Your reply should consist only of the lines from the one holding "FIAT PUNTO I" to the last line of the data below, written out exactly and without pictures.

Stored entries:
>>

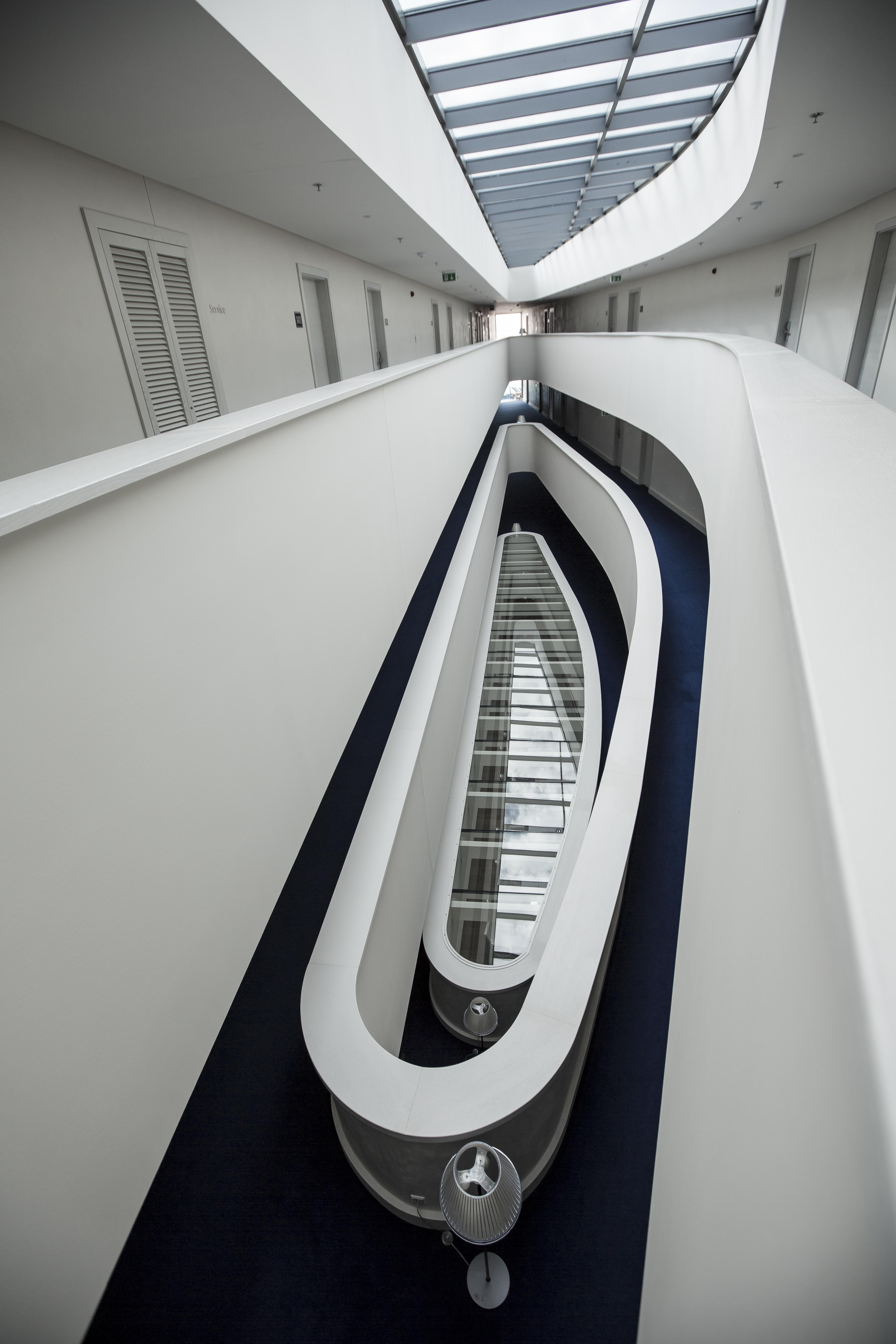 فندق وسبا فالكينستاينير إياديرا بيتريتْشاني المظهر الخارجي الصورة The staircase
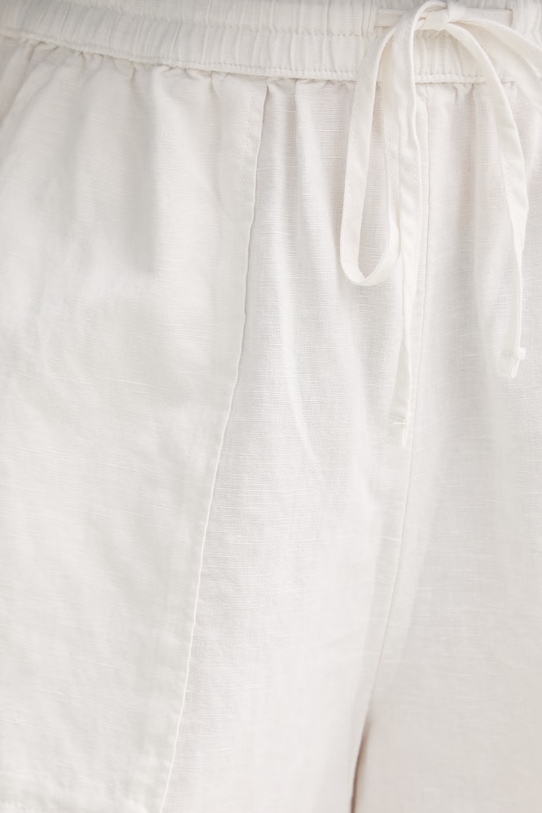 Marc O'Polo szorty damskie z lnem biały 5000010127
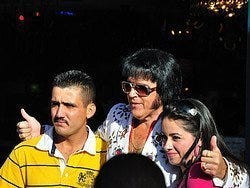 Elvis posando en Las Vegas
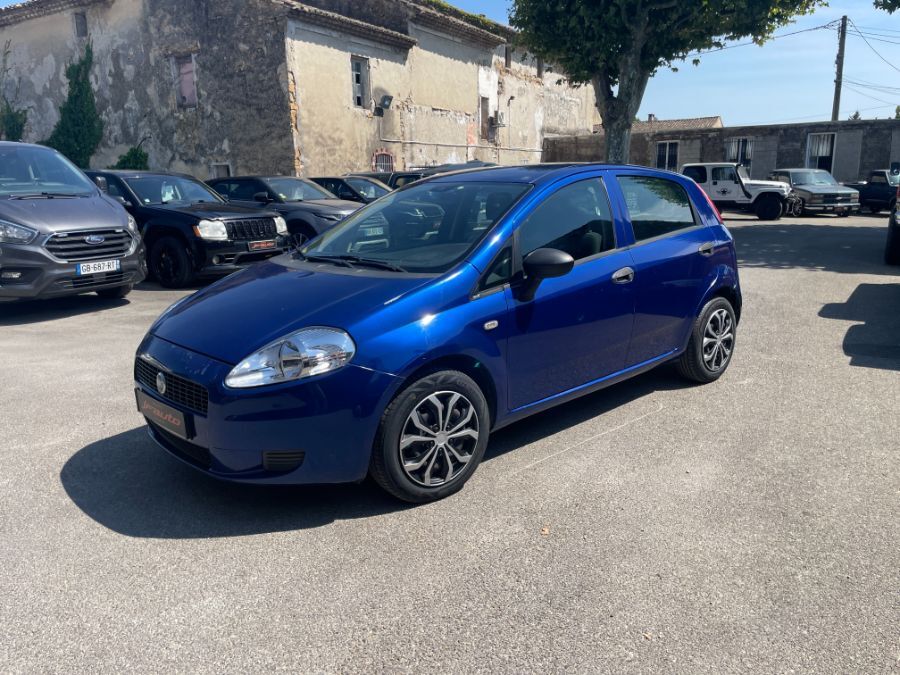 FIAT PUNTO I PHASE 1 - AUTRE VERSION ESSENCE BVM (2006)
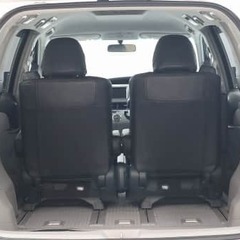 ローンが不安な方でもOK！人気のトヨタ車◎エスティマの画像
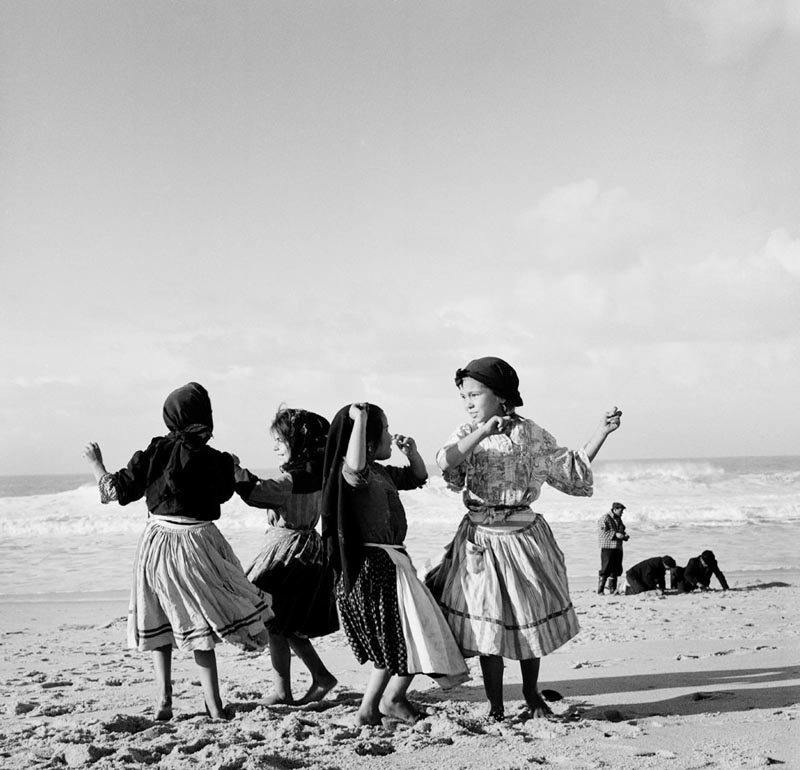 20 Dancing on the Beach, Portugal, 1956.jpg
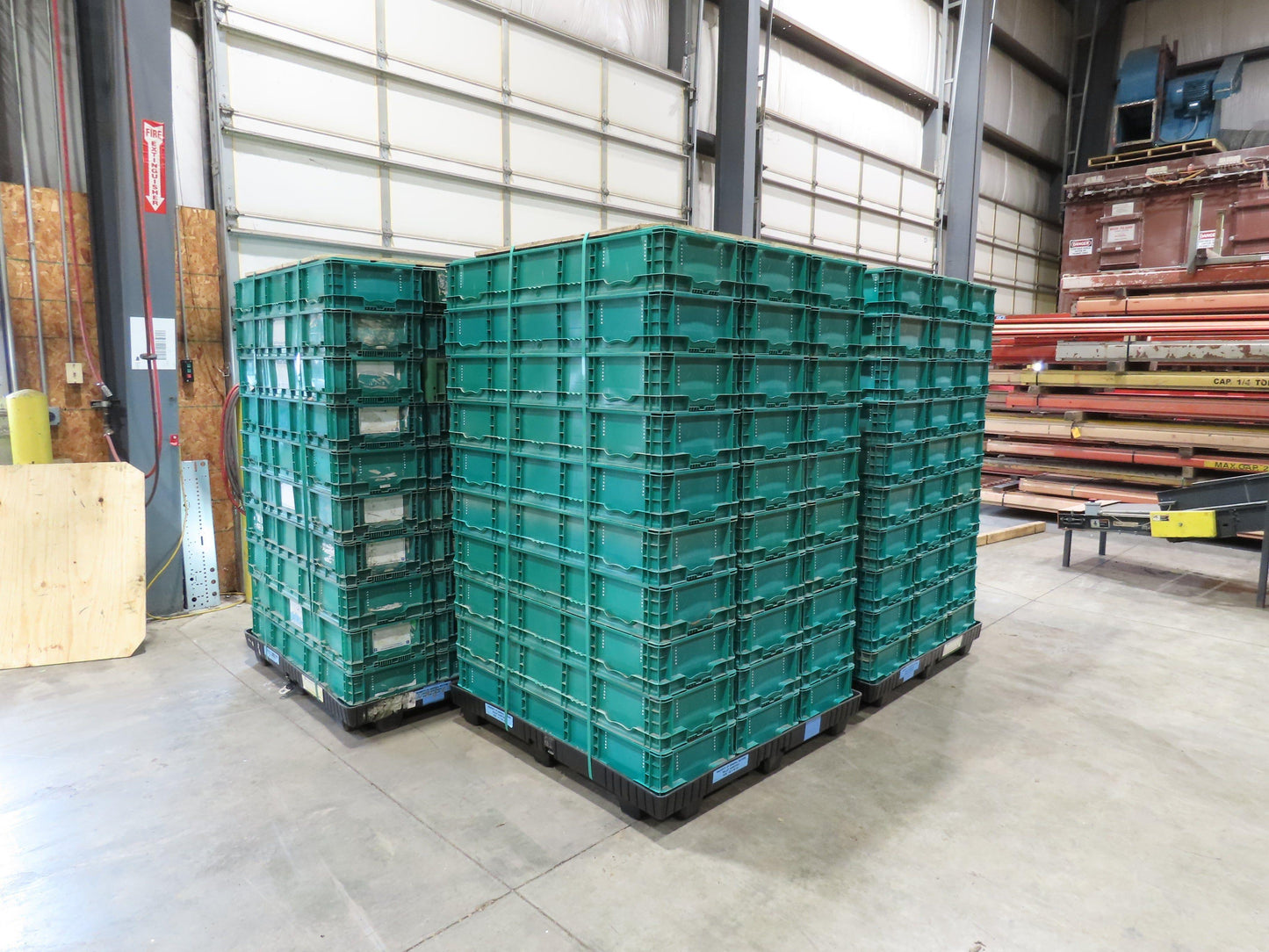 Lewis SO4815-7 Stackable GREEN Plastic Tote Container Bin 48x15x7" Lot of 30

<<

SOLUTION TO THE EXERCISE:
 FIAT PUNTO I PHASE 1 - AUTRE VERSION ESSENCE BVM (2006)
 ローンが不安な方でもOK！人気のトヨタ車◎エスティマの画像
 20 Dancing on the Beach, Portugal, 1956.jpg
 Lewis SO4815-7 Stackable GREEN Plastic Tote Container Bin 48x15x7" Lot of 30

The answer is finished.